It was my pleasure to present the 2015 Illinois School Library Media Association (ISLMA) and Upstart Award to Jason McCoy, currently the District Librarian at Deer Creek-Mackinaw High School in Mackinaw, IL (Any day where I get to give recognition where recognition is due to hardworking librarians is a good day in my opinion.)

This award recognizes one “school library media center’s achievement in planning and implementing an innovative or creative service, which has a measurable impact on users.” Jason was honored for his “Gaming in the Library” program at Ridgeview Community Unit School in Colfax, IL. Once a month, he hosted an afterschool educational gaming program to:

  1. Promote the school’s media center.
  2. Endorse new media and enjoyment in the library.
  3. Expose students to historical elements and use gaming as the “hook” to create interest in nonfiction topics.
  4. Create a positive afterschool activity for students.

What I found especially heartwarming about Jason’s efforts is that he created a positive social outlet for teens, deepened their connections with teachers and each other, and enhanced their overall learning experience.

He also recognized his students were at risk for “getting into trouble” in their rural town unless they had a more compelling and constructive alternative. Growing up in small town in central Wisconsin, I can certainly relate to there not always being a lot to do!

I caught up with Jason recently to ask him more about how he legitimized gaming as a learning tool, exposed students to historical topics they wouldn’t have otherwise pursued and boosted circulation with his creative programming.

Read more of our conversation to see how he did it:

What led you to start this program?

When you’re in a small town a lot of times that is your whole world. I think that by doing gaming and giving yourself some more experiences, you get out of the coal factory, you open up the possibilities — ‘Hey, I could get out of here.’

Our free and reduced lunches were in the mid 40s, close to 50% when I left. Students would walk around town and the citizens of the community would be looking out, wondering, ‘What are these kids doing in my yard?’ It could turn into something bad. In my last two years at the school, we had a few bouts of vandalism and theft at our school. Some kid broke in our bus barn and stole all of the keys out of there. I wanted to give kids something fairly constructive and show them that we did more than read at the library, especially since many of those kids are not avid readers.

What games did you use?

We installed Civilization IV, Age of Empires, Age of Mythology  and Rome: Total War™  on the media center computers.

How did you decide to go with a historical approach?

For one, it’s an interest of mine. I’m a big fan of history, English and liberal arts.

We didn’t have an AP history class, and I wanted to find a way to make history more fun for the kids.
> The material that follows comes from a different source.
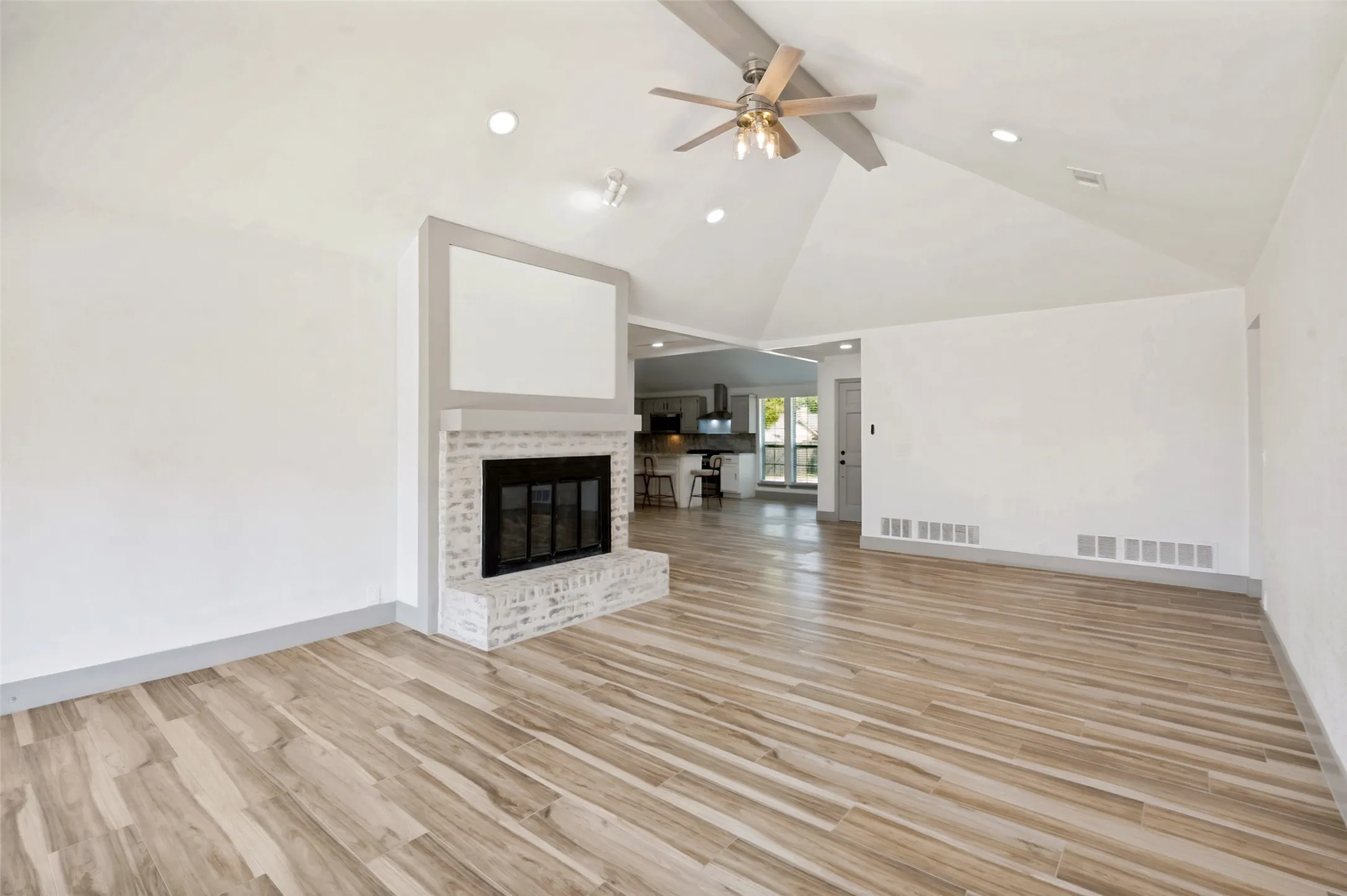 Single Family Residence For Rent in Collin County , 4316 Denver Drive, Plano, Texas 75093, 3 Bedroom, 2 Bathroom, 2 Garage spaces, 1,893 Sqft, built in 1983, mls#21327985, Real Estate Agent in Plano, Homes For Rent in Collin county, Homes For Rent in Plano, Realtor in Plano Texas, Real Estate Brokerage Independent Realty Texas, Luminita Cordes Realtor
Plus, since I coached Scholastic Bowl, I liked interacting with the topics, especially mythology and history, to make them more personal so that they would stick in the kids’ heads. I thought it was a fun way to show our program off and the things we could do at the library.

What did it take to make this happen? How did you get your administration on board?

It wasn’t actually too bad. We used school media center resources and leveraged existing knowledge, so the time planning and researching was low. We did not have to upgrade the computers, which also saved time, and there was very little training and instruction involved. I did purchase the games out-of-pocket, but the titles were somewhat older, so the cost was minimal.

I had my scholastic bowl students help me install the games on all the computers. We had the network administrator’s support so we just went and installed it all.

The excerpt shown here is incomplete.